- **EXERCISE DIRECTIONS**:
Retype exactly what appears below from the line containing "Navajo Ring 925" down to the line containing "A set of cards", keeping both end lines. Do not include pictures.

- **GIVEN RECORDS**:
=-=-=
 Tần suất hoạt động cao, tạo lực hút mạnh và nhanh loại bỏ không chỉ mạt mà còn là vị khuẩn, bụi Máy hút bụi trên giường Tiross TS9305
=-=-=
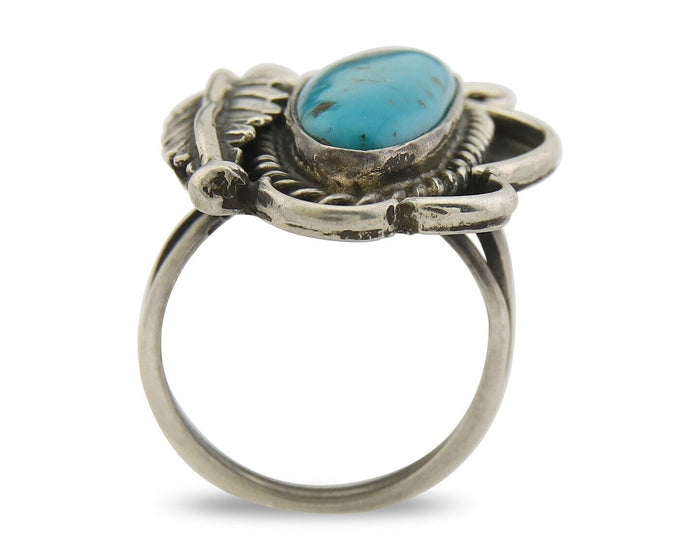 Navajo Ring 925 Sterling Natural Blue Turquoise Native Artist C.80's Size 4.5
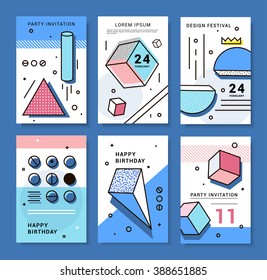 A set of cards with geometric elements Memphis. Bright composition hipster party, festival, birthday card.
=-=-=
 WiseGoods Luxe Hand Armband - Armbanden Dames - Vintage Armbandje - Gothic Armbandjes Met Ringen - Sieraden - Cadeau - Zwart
=-=-=
- **RESULT**:
 Navajo Ring 925 Sterling Natural Blue Turquoise Native Artist C.80's Size 4.5
 A set of cards with geometric elements Memphis. Bright composition hipster party, festival, birthday card.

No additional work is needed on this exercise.